> _Information shown_

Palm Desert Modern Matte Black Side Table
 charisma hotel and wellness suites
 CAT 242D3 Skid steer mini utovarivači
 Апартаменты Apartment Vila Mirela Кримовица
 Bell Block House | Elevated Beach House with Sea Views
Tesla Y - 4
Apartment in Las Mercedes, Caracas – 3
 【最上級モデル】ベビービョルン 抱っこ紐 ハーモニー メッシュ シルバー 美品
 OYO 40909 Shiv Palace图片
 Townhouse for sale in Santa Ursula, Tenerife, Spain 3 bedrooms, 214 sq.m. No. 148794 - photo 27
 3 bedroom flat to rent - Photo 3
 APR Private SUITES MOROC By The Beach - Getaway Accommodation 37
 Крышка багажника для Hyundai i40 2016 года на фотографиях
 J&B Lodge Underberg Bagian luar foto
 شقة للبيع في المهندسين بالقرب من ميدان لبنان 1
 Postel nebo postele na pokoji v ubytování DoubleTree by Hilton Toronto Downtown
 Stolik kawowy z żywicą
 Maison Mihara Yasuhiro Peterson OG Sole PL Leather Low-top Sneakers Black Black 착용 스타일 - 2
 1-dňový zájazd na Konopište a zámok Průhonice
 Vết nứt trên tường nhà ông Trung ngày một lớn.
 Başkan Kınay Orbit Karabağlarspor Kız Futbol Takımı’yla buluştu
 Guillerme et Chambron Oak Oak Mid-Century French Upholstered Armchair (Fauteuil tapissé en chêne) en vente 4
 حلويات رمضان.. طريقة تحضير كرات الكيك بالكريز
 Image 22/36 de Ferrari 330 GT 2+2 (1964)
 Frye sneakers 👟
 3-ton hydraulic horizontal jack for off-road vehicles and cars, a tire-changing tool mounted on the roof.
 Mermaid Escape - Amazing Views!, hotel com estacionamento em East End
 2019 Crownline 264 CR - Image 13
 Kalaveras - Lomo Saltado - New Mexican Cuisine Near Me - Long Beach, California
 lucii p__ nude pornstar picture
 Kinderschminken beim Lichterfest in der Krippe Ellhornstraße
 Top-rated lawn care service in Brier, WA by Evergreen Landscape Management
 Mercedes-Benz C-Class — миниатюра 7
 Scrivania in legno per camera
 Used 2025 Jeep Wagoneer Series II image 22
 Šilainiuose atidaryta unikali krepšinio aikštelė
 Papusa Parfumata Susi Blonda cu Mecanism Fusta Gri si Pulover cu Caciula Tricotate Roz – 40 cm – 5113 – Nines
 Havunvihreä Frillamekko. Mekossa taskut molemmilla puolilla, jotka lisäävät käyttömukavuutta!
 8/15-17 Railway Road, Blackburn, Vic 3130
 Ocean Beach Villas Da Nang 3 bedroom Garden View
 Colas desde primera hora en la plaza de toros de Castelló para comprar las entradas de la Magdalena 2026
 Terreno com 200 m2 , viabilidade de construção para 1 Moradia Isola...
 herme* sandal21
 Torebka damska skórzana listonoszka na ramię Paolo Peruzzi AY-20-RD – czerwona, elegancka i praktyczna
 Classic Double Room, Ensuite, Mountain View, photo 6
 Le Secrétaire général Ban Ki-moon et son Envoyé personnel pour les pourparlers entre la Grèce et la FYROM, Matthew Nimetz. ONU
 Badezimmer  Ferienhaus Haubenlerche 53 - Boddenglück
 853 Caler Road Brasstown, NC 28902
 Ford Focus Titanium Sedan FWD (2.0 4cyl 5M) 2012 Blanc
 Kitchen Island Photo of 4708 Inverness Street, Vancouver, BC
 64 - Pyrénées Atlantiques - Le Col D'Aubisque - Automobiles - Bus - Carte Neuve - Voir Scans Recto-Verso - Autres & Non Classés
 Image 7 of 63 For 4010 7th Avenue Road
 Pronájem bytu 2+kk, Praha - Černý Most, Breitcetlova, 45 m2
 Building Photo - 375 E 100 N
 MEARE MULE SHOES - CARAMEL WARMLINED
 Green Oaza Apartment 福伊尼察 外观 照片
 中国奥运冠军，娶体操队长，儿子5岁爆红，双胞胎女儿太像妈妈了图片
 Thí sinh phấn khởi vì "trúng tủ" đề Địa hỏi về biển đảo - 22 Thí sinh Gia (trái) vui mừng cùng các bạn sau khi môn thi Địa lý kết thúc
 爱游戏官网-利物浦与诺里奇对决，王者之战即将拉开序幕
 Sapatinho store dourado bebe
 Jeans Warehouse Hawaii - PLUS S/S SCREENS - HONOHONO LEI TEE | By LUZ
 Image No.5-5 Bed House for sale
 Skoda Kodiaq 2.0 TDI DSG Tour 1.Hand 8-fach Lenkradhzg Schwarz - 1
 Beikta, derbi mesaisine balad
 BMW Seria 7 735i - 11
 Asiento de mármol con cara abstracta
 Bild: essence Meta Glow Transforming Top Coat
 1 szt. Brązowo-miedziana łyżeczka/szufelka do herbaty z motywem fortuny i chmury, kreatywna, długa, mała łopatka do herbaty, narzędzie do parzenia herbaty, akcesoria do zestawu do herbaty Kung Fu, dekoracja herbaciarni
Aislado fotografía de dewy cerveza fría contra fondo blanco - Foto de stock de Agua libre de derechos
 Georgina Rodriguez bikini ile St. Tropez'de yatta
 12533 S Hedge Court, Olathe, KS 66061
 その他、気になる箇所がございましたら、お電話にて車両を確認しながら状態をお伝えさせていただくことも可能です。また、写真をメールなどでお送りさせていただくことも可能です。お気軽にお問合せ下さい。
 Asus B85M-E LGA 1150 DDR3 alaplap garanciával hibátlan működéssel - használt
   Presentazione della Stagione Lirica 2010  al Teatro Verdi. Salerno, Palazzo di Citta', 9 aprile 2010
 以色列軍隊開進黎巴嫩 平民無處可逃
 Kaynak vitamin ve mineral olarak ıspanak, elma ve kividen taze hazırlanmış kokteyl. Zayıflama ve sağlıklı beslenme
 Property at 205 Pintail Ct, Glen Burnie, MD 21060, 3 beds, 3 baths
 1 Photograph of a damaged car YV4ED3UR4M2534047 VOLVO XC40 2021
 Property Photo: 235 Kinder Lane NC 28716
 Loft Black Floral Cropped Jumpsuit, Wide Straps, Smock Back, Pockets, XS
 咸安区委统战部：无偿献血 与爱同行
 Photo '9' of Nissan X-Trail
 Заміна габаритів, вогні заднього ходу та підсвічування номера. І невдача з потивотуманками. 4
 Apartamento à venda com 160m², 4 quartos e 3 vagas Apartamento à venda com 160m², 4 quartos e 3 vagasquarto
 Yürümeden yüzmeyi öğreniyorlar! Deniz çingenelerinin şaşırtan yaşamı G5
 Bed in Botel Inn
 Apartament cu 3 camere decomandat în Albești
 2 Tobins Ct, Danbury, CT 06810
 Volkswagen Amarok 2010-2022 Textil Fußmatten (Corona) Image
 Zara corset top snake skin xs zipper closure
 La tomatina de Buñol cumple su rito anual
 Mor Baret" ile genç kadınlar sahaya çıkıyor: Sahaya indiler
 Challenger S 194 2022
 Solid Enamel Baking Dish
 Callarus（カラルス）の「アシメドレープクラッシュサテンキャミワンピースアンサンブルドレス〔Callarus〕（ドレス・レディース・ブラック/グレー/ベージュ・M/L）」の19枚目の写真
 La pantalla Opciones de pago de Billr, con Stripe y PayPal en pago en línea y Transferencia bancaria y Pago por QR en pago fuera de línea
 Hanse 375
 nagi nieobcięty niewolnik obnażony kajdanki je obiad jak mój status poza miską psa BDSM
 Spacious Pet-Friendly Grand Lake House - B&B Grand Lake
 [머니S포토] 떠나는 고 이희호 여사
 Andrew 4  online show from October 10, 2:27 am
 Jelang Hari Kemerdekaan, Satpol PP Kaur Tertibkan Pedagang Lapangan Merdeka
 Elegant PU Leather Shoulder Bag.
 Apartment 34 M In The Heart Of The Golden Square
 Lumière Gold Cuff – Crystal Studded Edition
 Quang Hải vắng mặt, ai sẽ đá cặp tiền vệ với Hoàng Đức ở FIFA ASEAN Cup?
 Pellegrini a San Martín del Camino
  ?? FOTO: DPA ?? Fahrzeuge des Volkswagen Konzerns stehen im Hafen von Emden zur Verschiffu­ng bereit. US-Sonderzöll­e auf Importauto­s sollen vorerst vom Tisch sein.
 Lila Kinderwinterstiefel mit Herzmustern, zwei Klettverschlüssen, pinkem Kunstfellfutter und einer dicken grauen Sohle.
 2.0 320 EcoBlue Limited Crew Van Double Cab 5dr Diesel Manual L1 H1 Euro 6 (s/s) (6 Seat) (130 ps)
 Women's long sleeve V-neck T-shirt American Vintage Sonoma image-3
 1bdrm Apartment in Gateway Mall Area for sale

> _Exercise aim_
Copy each line of the listing that holds the word "Leather".

> _Response below_
 Maison Mihara Yasuhiro Peterson OG Sole PL Leather Low-top Sneakers Black Black 착용 스타일 - 2
 Elegant PU Leather Shoulder Bag.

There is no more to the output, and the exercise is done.